Contro tutto e tutti. “Against everything and everybody.” FC Internazionale di Milano (Inter Milan to you and me) have a new motto. Last weekend, when Inter wrapped up their 18th league title, it was the buzz phrase of choice, repeated like a mantra in press interviews by club president Massimo Moratti, captain Javier Zanetti and resident nutter Marco Materazzi. A siege mentality, a feeling of us against the world, has taken hold of the club over the past couple of years and it’s all, of course, down to just one man: Jose Mourinho.
Mourinho, more than anyone, has completely changed the personality of the club. Of the three big northern stripey teams, Inter were always the romantic losers, often the butt of jokes and jibes in the press and the curvas. They were the team of the arty, left-leaning intellectuals, loved by Mexican zapatistas and air-kissing fashion designers.
Then along came the Calciopoli scandals and, just as crucially, a global recession that Moratti’s millions managed to survive relatively unscathed (unlike Berlusconi’s Fininvest empire and Juve’s cheque-signers Fiat). The Nerazzurri have never looked back, gorging themselves on silverware and firming up a squad now set to claim European glory. Over the past few years Inter have become decidedly antipatico, unlovable and, as Chelsea and Barcelona both now know, buggers to beat.
Mourinho’s arrival, his prickly press conferences and regular outbursts (against Roma boss Claudio Ranieri, against Juventus, against Italian football, but mostly against Italy itself), duly took all this up a notch or two. Inter versus Bayern has a pleasing retro ring to it and, if Inter should lift the cup with the big ears (as Italians like to call it), much will be made of Moratti’s achievement in matching the success of his father Angelo, who oversaw the creation of the European-conqueringgrande Inter side of the 1960s.

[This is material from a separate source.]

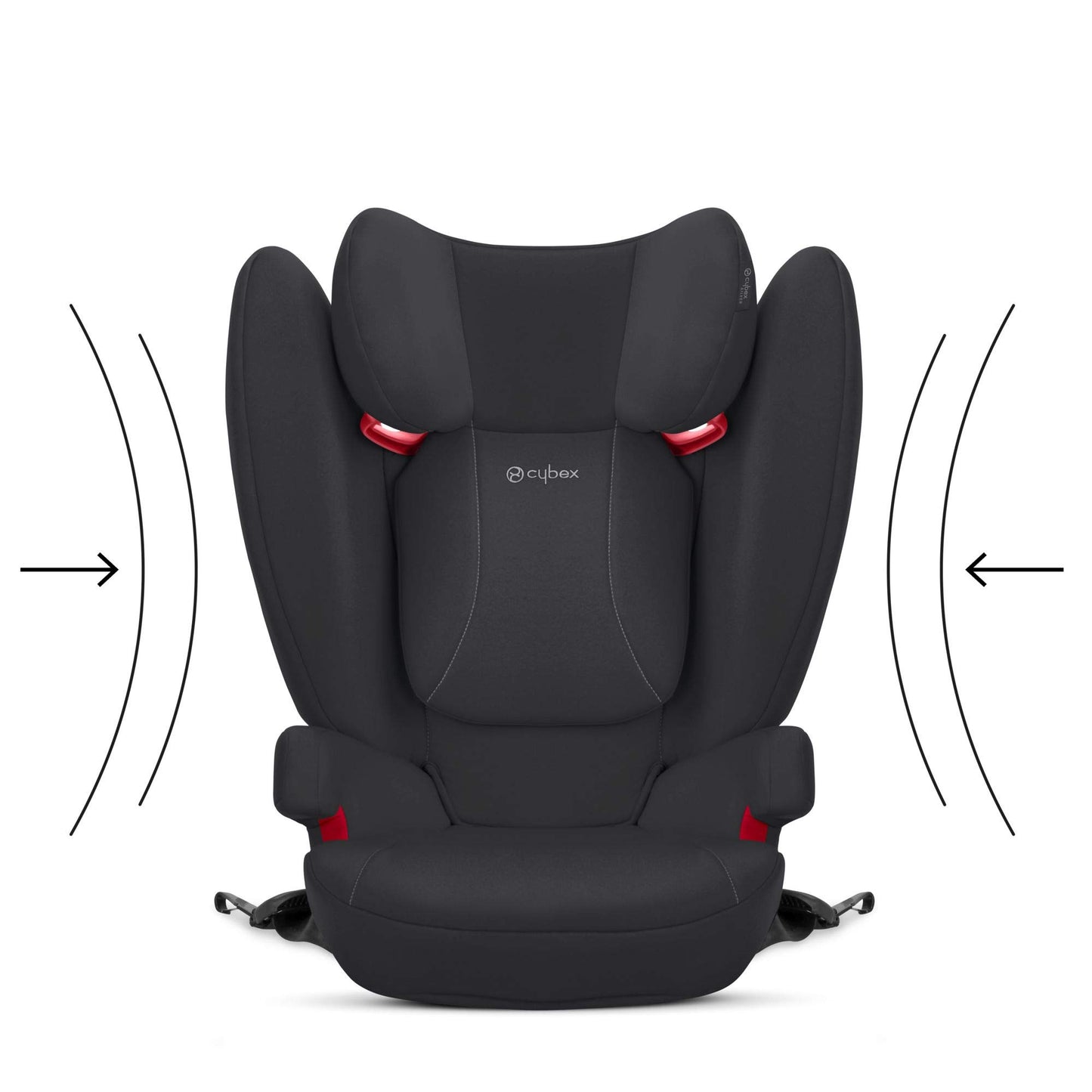 Cybex B-Fix High Back Booster Seat - Lightweight, Latch Installation, Linear Side Impact Protection, Adjustable Headrest - For K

Moratti’s one of the nice guys, with a neat line in self-depreciation and fondness for immaculate tailoring. Few but the most rabid Juve fan will want to deny him his triumph, if it comes. But tomorrow night, like every Inter game over the past 18 months or so, will only be about Jose. When the Portuguese heads off to Real Madrid, he’ll leave behind a club that’s finally reclaiming its place among the Euro-elite, that’s being taken seriously again at domestic and international level. Inter has lost a little of its soul, but is now bristling with the arrogance of champions, chest-pumped and ready to take on all comers. Against everything and everybody.